There is a second reason why we know so little about what really happened that night: most of those journalists who worked late in search of the promised catastrophe, wrote nothing at all about the great non-story. No Millennium Bug? No global crash? No crash even in those countries which had failed to protect themselves? No truth at all in hundreds of thousands of news reports and background features and confident comment which had run through just about every newspaper and broadcasting outlet in every country on the planet, stories which had been running for years and which were still running only 24 hours before the great night finally arrived? No truth in the mass media? Well, there's no story there. So it never got written.

Encouraged by these stories, some governments had spent fortunes in public money (and secured no better result than those who spent next to nothing). Journalists reported that the British government had spent £396 million on Y2K protection. They also reported that it had spent £430 million. And that it had spent £788 million. The American government had spent far more, they said - $100 billion, or $200 billion, or $320 billion, or $600 billion, or $858 billion, depending on which journalist you were reading. Anyway, it was a lot. Beyond that, the private sector had spawned a mini-industry of companies selling millennium bug kits, while publishers turned out bug books and bug videos, and estate agents sold bug-resistant homes, and a few families sold their houses and fled to remote cabins in order to give themselves a chance to survive the coming bug-related chaos. But this was not a story.

The sun rose on January 1 2000 like the lights coming on at an orgy. Everybody who had been so busy - the journalists, the governments, the bug-related businesses and the computer experts - all picked themselves up, hoped nobody was looking and quietly tip-toed away.

You could argue that every profession has its defining value. For carpenters, it might be accuracy: a carpenter who isn't accurate shouldn't be a carpenter. For diplomats, it might be loyalty: they can lie and spy and cheat and pull all sorts of dirty tricks, and as long as they are loyal to their government, they are doing their job. For journalists, the defining value is honesty - the attempt to tell the truth. That is our primary purpose. All that we do - and all that is said about us - must flow from the single source of truth-telling.

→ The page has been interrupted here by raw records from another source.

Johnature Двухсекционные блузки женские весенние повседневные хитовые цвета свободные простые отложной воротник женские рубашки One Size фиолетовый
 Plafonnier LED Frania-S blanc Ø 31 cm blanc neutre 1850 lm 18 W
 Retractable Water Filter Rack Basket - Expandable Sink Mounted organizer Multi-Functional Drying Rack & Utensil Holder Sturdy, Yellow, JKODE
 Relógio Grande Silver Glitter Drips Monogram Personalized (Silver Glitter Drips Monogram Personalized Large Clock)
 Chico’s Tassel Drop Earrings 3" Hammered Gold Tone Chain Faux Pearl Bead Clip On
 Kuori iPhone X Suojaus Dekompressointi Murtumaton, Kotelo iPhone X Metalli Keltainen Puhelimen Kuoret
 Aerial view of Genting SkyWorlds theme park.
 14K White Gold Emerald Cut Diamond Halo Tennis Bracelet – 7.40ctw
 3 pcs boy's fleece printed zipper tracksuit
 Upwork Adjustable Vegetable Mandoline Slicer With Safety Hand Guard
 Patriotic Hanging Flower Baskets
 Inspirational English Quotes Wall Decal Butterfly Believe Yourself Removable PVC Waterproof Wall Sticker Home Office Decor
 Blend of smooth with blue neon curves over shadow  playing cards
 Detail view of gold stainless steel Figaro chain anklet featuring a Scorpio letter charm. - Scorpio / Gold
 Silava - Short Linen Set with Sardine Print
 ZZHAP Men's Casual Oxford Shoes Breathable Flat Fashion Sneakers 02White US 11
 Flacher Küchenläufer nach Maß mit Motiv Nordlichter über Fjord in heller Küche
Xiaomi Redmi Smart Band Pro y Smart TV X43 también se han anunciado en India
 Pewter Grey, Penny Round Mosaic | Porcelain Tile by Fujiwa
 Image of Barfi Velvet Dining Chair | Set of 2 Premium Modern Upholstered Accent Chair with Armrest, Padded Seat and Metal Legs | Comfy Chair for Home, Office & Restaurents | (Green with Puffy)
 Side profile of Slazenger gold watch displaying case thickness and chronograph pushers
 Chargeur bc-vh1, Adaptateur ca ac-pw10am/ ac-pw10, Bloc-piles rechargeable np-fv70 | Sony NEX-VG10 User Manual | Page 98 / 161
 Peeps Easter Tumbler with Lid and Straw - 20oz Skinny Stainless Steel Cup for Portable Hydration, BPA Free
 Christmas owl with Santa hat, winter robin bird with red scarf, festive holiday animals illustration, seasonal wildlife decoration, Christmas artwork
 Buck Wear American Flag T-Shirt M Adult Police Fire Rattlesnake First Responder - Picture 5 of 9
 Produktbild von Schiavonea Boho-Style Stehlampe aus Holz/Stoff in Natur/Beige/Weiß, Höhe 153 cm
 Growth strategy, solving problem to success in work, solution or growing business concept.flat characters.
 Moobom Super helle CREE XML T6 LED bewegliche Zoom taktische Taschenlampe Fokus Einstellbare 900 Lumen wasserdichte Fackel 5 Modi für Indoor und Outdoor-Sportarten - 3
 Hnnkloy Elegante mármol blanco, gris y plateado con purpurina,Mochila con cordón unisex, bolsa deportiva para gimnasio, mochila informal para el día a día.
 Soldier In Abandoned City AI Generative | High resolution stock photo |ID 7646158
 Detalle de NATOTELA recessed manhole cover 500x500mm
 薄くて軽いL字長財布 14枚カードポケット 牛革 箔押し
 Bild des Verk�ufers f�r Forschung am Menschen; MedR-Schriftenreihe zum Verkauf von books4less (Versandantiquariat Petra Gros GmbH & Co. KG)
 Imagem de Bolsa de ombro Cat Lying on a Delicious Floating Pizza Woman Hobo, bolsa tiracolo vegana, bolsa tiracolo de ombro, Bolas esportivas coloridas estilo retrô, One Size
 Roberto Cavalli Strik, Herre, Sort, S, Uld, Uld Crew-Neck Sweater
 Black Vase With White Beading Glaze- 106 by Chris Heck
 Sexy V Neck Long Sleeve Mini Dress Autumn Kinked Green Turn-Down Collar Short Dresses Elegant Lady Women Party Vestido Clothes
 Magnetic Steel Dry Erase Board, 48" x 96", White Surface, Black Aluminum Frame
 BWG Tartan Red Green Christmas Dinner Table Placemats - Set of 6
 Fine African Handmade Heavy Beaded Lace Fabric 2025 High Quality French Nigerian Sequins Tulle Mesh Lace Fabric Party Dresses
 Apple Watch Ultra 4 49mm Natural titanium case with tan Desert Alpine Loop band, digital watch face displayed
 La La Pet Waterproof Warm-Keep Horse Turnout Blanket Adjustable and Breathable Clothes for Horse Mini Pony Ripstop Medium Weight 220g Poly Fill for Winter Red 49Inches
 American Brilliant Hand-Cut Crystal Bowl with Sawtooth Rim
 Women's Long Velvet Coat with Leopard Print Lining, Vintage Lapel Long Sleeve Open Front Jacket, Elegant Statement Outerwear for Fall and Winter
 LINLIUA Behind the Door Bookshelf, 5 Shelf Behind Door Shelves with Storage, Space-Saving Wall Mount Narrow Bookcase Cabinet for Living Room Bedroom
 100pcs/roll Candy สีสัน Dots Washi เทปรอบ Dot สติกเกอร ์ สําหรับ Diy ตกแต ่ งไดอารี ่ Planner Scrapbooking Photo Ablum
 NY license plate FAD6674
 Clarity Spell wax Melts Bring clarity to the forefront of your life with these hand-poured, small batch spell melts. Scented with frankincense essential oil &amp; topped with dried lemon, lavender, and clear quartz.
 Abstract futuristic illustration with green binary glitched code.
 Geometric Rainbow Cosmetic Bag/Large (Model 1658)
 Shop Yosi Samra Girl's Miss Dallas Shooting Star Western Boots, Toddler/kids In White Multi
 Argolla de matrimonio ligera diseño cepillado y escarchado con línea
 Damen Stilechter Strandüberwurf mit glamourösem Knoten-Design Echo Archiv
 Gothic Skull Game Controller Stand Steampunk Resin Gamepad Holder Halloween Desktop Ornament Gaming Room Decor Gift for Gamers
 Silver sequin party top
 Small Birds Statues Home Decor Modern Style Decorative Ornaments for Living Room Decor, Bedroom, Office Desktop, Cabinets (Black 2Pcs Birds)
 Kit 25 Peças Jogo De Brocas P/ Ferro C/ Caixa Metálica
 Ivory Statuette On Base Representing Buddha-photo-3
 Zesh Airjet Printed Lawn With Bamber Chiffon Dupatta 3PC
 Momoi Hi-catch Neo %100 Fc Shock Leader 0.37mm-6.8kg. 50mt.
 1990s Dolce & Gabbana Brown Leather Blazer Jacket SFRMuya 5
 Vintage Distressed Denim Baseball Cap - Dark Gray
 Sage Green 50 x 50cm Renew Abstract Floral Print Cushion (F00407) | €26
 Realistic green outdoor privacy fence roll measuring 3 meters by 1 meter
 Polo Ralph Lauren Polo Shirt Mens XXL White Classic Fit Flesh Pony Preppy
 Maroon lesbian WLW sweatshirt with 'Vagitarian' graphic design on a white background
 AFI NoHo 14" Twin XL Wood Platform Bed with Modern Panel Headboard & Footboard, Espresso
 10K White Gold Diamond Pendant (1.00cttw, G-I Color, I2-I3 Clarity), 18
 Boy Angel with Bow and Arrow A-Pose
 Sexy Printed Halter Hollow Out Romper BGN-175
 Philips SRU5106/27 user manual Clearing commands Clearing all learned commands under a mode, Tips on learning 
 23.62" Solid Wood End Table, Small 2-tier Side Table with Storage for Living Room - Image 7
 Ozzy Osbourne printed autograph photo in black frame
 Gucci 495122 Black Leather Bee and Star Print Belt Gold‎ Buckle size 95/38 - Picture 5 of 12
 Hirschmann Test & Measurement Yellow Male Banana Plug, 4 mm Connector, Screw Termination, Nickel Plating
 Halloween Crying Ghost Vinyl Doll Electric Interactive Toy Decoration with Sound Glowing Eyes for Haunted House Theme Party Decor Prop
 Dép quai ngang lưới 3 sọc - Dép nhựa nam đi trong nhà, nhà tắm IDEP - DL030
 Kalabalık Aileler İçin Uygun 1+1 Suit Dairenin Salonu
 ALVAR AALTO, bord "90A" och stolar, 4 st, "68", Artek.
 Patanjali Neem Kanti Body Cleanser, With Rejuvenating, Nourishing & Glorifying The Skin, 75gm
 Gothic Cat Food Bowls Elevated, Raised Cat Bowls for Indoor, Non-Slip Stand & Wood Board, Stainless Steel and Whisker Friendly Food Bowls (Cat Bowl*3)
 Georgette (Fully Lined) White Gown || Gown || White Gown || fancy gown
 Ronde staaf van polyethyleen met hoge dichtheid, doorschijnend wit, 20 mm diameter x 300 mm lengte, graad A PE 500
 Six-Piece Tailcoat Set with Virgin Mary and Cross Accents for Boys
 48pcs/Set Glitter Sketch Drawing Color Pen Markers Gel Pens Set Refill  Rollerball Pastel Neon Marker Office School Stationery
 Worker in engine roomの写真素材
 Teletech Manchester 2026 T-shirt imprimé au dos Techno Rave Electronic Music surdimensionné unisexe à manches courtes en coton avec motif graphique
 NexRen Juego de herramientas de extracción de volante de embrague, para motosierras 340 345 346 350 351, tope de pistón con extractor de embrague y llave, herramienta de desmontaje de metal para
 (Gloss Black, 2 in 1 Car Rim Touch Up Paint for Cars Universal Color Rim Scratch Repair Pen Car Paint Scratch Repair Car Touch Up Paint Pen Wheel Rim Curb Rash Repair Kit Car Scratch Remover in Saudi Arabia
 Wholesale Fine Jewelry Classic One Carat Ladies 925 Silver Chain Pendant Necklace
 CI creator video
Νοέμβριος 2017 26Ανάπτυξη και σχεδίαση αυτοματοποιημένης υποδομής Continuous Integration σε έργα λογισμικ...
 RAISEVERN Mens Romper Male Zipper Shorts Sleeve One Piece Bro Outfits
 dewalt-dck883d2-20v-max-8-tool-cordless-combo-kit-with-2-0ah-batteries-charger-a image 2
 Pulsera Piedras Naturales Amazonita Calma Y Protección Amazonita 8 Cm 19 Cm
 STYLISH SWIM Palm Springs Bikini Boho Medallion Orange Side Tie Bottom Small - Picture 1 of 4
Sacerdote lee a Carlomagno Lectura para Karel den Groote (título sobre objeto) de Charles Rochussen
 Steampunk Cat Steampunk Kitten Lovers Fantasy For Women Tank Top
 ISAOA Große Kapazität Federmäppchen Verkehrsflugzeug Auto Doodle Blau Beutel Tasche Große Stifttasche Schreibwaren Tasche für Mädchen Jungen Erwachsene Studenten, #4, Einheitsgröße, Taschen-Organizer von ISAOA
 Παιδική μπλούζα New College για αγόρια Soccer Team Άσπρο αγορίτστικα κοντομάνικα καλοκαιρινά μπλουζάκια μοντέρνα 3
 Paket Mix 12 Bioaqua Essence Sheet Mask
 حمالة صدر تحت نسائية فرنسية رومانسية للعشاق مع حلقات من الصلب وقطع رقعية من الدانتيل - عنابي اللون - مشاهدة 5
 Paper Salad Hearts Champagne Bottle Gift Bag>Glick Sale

So, millennium eve turned out to be a terrifying night for journalists. It was in itself a stunning example of a failure in truth-telling by the global media. Whatever the truth was about the possible threat to computers that night, the world's journalists clearly had gone a long way beyond it. It was symbolic too: the new millennium arriving in darkness; the truth lost; and the truth about the losing of that truth then lost as well. The millennium bug is only one example of a systemic weakness which quietly has overwhelmed the communications media, leaving governments all over the planet and their billions of citizens embarking on a new era in which they continue to pour time and energy and money into frantic activity which frequently proves to be built out of untruth.

This is Flat Earth news. A story appears to be true. It is widely accepted as true. It becomes a heresy to suggest that it is not true - even if it is riddled with falsehood, distortion and propaganda.